- U-570 Type VIIC submarine that was captured by the British in 1941. This U-boat is almost identical to U-1196.

History

Nazi Germany
- Name: U-1196
- Ordered: 25 August 1941
- Builder: F Schichau GmbH, Danzig
- Yard number: 1566
- Laid down: 8 February 1943
- Launched: 2 September 1943
- Commissioned: 18 November 1943
- Fate: Scuttled on 2 May 1945

General characteristics
- Class & type: Type VIIC submarine
- Displacement: 769 tonnes (757 long tons) surfaced; 871 t (857 long tons) submerged;
- Length: 67.10 m (220 ft 2 in) o/a; 50.50 m (165 ft 8 in) pressure hull;
- Beam: 6.20 m (20 ft 4 in) o/a; 4.70 m (15 ft 5 in) pressure hull;
- Height: 9.60 m (31 ft 6 in)
- Draught: 4.74 m (15 ft 7 in)
- Installed power: 2,800–3,200 PS (2,100–2,400 kW; 2,800–3,200 bhp) (diesels); 750 PS (550 kW; 740 shp) (electric);
- Propulsion: 2 shafts; 2 × diesel engines; 2 × electric motors;
- Speed: 17.7 knots (32.8 km/h; 20.4 mph) surfaced; 7.6 knots (14.1 km/h; 8.7 mph) submerged;
- Range: 8,500 nmi (15,700 km; 9,800 mi) at 10 knots (19 km/h; 12 mph) surfaced; 80 nmi (150 km; 92 mi) at 4 knots (7.4 km/h; 4.6 mph) submerged;
- Test depth: 220 m (720 ft); Crush depth: 250–295 m (820–968 ft);
- Complement: 4 officers, 44–52 enlisted
- Armament: 5 × 53.3 cm (21 in) torpedo tubes (four bow, one stern); 14 × torpedoes or; 26 TMA mines; 1 × 8.8 cm (3.46 in) deck gun (220 rounds); 1 × 3.7 cm (1.5 in) Flak M42 AA gun ; 2 × twin 2 cm (0.79 in) C/30 anti-aircraft guns;

Service record
- Part of: 21st U-boat Flotilla; 18 November 1943 – 28 February 1945; 31st U-boat Flotilla; 1 March – 2 May 1945;
- Identification codes: M 55 261
- Commanders: Oblt.z.S. Wilhelm Brand; 18 November 1943 – February 1944; Oblt.z.S. Rene Ballert; February 1944 – 2 May 1945;
- Operations: None
- Victories: None

= German submarine U-1196 =

German World War II submarine

German submarine U-1196 was a Type VIIC U-boat of Nazi Germany's Kriegsmarine during World War II.

She was ordered on 25 August 1941, and was laid down on 8 February 1943 at F Schichau GmbH, Danzig, as yard number 1566. She was launched on 2 September 1943 and commissioned under the command of Oberleutnant zur See Wilhelm Brand on 18 November 1943.

==Design==
German Type VIIC submarines were preceded by the shorter Type VIIB submarines. U-1196 had a displacement of 769 t when at the surface and 871 t while submerged. She had a total length of 67.10 m, a pressure hull length of 50.50 m, a beam of 6.20 m, a height of 9.60 m, and a draught of 4.74 m. The submarine was powered by two Germaniawerft F46 four-stroke, six-cylinder supercharged diesel engines producing a total of 2800 to 3200 PS for use while surfaced, two AEG GU 460/8-276 double-acting electric motors producing a total of 750 PS for use while submerged. She had two shafts and two 1.23 m propellers. The boat was capable of operating at depths of up to 230 m.

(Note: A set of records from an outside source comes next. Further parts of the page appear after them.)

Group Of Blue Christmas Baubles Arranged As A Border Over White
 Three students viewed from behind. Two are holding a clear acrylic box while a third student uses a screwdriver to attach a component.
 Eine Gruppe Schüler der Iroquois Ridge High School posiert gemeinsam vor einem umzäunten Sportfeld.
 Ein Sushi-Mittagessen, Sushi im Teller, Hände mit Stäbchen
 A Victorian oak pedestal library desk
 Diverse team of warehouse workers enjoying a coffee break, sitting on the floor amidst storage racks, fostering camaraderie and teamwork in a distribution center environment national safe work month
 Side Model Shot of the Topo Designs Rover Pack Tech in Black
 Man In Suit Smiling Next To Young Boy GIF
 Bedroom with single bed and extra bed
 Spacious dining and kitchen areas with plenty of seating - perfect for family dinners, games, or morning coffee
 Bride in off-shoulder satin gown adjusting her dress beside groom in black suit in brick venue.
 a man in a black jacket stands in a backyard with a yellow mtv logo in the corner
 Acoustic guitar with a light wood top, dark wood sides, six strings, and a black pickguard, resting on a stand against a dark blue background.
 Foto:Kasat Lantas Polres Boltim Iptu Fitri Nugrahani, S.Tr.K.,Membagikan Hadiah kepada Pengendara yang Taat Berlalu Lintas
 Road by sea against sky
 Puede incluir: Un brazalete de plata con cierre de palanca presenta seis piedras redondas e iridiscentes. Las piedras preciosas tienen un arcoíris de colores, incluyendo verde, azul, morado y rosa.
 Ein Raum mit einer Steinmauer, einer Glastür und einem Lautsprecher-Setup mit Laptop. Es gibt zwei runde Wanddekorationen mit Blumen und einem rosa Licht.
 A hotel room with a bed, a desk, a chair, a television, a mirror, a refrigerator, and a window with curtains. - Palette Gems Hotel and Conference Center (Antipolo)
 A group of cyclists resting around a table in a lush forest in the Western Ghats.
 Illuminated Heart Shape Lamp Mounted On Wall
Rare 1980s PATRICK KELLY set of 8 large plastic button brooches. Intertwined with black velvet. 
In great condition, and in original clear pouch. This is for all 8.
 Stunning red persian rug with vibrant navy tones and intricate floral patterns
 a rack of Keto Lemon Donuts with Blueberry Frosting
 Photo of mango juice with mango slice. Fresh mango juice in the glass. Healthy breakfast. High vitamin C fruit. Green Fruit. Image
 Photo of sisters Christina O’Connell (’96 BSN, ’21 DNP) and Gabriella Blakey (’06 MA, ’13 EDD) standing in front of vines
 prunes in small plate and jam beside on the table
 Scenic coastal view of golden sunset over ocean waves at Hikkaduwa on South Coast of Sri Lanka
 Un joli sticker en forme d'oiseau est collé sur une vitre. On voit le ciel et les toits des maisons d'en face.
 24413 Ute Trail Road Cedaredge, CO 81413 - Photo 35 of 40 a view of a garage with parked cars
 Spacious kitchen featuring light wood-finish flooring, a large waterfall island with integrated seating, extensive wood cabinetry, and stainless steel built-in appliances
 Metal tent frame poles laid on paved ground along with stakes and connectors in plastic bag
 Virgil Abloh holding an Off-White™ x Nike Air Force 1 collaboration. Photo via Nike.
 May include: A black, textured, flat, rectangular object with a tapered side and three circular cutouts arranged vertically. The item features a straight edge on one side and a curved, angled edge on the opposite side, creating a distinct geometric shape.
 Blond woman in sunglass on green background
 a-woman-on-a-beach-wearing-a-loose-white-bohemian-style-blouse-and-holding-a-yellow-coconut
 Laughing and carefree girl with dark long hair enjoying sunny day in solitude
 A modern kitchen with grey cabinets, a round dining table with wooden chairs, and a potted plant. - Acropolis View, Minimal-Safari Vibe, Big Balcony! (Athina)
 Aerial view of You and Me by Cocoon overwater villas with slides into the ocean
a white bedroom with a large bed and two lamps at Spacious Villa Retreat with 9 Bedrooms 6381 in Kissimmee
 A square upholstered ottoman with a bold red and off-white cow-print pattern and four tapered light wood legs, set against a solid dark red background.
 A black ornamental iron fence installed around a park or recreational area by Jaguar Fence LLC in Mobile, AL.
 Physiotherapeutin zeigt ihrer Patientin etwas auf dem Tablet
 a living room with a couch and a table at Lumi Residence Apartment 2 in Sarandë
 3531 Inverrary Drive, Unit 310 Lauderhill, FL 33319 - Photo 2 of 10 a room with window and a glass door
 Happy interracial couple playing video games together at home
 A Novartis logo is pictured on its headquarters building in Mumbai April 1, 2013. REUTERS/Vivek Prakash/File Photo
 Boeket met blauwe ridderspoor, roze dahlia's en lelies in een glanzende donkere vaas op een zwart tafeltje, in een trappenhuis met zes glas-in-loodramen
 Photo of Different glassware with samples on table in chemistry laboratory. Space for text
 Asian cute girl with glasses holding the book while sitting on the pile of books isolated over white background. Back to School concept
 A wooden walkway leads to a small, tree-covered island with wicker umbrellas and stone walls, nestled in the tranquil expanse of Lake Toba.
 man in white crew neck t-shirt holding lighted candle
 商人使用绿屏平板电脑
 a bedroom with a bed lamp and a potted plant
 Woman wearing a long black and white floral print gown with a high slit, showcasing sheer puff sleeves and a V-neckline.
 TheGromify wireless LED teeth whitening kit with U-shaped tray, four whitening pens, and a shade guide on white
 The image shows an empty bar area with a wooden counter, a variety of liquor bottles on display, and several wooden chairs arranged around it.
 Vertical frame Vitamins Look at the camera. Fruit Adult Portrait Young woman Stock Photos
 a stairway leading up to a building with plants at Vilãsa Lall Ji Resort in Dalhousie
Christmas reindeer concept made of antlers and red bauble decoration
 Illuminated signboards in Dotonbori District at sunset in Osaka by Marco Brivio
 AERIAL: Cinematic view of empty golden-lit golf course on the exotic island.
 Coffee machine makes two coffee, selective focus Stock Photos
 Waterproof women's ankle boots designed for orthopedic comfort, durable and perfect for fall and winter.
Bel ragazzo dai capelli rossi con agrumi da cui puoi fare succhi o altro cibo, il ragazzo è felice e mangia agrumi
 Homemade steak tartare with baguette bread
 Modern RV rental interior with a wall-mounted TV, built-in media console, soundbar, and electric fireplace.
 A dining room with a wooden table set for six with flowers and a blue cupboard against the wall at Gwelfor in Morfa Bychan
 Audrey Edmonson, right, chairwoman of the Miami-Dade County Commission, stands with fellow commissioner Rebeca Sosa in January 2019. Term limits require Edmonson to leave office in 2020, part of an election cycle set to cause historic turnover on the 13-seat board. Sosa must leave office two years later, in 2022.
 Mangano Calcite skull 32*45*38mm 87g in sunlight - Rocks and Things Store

The submarine had a maximum surface speed of 17.7 kn and a maximum submerged speed of 7.6 kn. When submerged, the boat could operate for 80 nmi at 4 kn; when surfaced, she could travel 8500 nmi at 10 kn. U-1196 was fitted with five 53.3 cm torpedo tubes (four fitted at the bow and one at the stern), fourteen torpedoes or 26 TMA mines, one 8.8 cm SK C/35 naval gun, (220 rounds), one 3.7 cm Flak M42 and two twin 2 cm C/30 anti-aircraft guns. The boat had a complement of between 44 — 52 men.

==Service history==
U-1196 was scuttled at Travemünde on 2 May 1945 as part of Operation Regenbogen. Her wreck was raised and broken up.